There still are relatively little data showing that the acute or chronic antidepressant treatment has different influence on serum and brain β-endorphin levels, as a potential factor in the mechanism of antidepressant action. In our study, serum β-endorphin concentrations showed a rapid and significant increase on day 1 of trazodone administration (72.31 ± 1.86 pg/mL), followed by a decrease on day 9 (33.4 ± 1.91 pg/mL) and reaching slightly lower values on day 28 of treatment (38.62 ± 1.42 pg/mL) as compared to initial values (45.8 ± 3.77 pg/mL). Data reported in the literature also point to changes in serum β-endorphin concentrations after chronic use of different antidepressants (9,10). Data obtained in the present study with trazodone are inconcordance with the report by Đurović et al. (9,10). The rapid increase in serum β-endorphin concentrations and changes observed on days 9 and 28 are indicative of both acute and chronic response to trazodone administration.

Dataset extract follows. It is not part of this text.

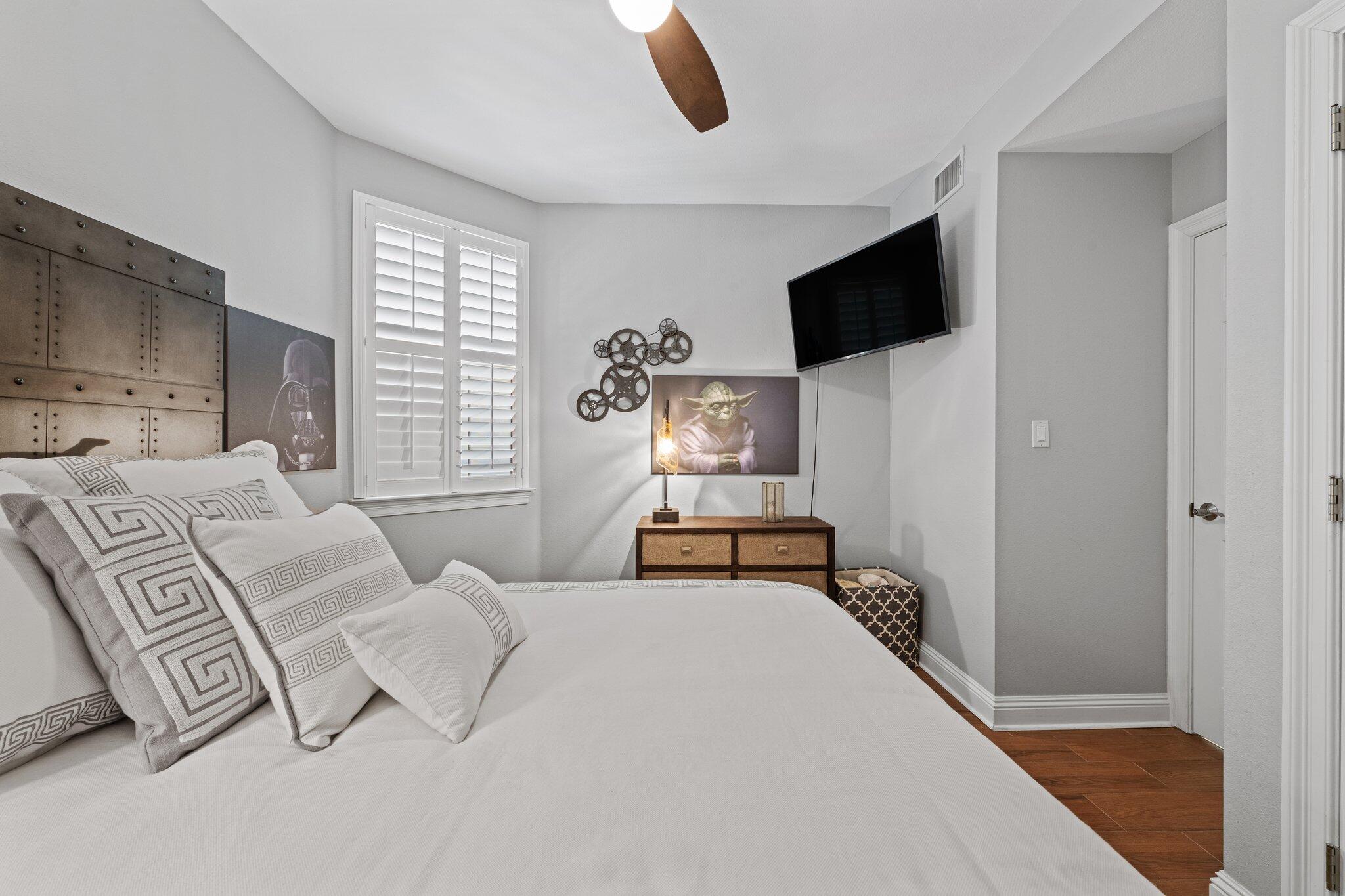 LAGUNA POINTE - Residential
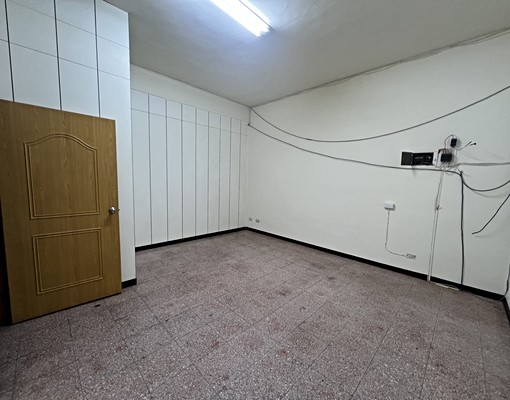 南崁店面南祥路2樓出租可辦公、美髮甲、個人工作室、網拍 - Image 2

Previous studies have shown that acute amitriptyline and clomipramine produce naloxone-reversible antinociception. This apparent opioid-like involvement was further investigated by measuring β-endorphin levels in the hypothalamus following acute and chronic treatment with these antidepressants, demonstrating significantly raised levels of β-endorphins. The support was provided for the suggestion that antidepressants activate opioid systems through both direct opioid receptor interaction and an indirect action through the enhanced release of opioid peptides. Moreover, it has been postulated that the direct action of antidepressants on opioid receptors and the endogenous opioid peptides released interact as agonists at both μ- and δ-opioid receptors to inhibit nociceptive transmission, since the activity is antagonized by both naloxone and naltrindole (11).
Changes in serum β-endorphin levels should be followed by changes in their brain levels. In our study, a significant decrease of brain β-endorphin levels (431.03 ± 11.57 pg/g) was recorded on day 1, and was also observed in rat brains on day 9 of continuous antidepressant administration (433.65 ± 14.67 pg/g), as compared to control group values (873.50 ± 18.32 pg/g). On day 9, brain concentrations of β-endorphins were not different than the concentration measured on day 1 (Table 1).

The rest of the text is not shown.